I have a Magic Chef electric range, Model 38FN-6TVW.  It has an electronic control panel with the following controls:

Timer - Clock - Cook Time - Clean - Stop Time - Broil - Bake 

The control buttons that aren't working are Clean, Broil, Bake.  The other buttons are working.  

Recently, when turning on the oven via the control panel, the oven would start to heat up, and very shortly thereafter, it would turn off.  By turning on the oven on a few more times, it would eventually stay on.

Now, when pressing the Bake Temp control panel button, nothing happens at all. 

I believe this happened to us last year, around the same time of year.  We've had lots of rain and it's very humid here.  Once the humidity lowers, the controls work again.

I have found a site that sells parts for this model, but not sure which part would need replacing.  Here is where I found some parts listed:  APWagner Appliance Parts Source

The range is about 23 years old and I know I need a new one.  I was just hoping that perhaps it might be something minor.
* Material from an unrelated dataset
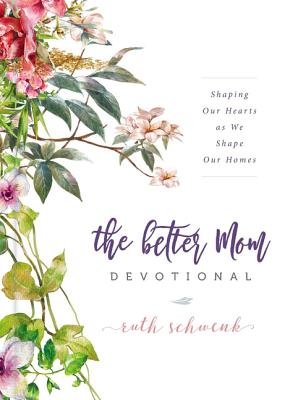 The Better Mom Devotional: Shaping Our Hearts as We Shape Our Homes - Schwenk, Ruth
Thanking in advance for any help or comments, it is greatly appreciated.


----------



## nealtw (May 27, 2011)

Not sure about electronics but you should make sure you are getting 240 volts. In your main breaker box you will have a 40 amp double breaker. Sometimes this is 2 breakers side by side tied together so if one kicks they both go off. Sometimes one kicks of by it self. You could have loose connections at the breaker or at the plug behind the range, or a bad breaker. After all that the range is past its prime.


----------



## m4p (May 28, 2011)

Thanks so much for the reply, Neal.  I will definitely check those things out and let you know what happens.

Thanks again, I really appreciate it.


----------



## m4p (Jun 8, 2011)

Checked the 240 switches at the panel but nothing was amiss.  I reset them just for the heck of it.

Looked at the clock and control panel for the range, didn't see any lose or dirty connections.  Didn't see any broken soder either.  I have a feeling it is the clock/control panel and not worth the money it would cost to replace on a 23 year old range.  

So now starts the process of finding a new range, I guess.

Anyway, thanks again for your reply, Neal.


----------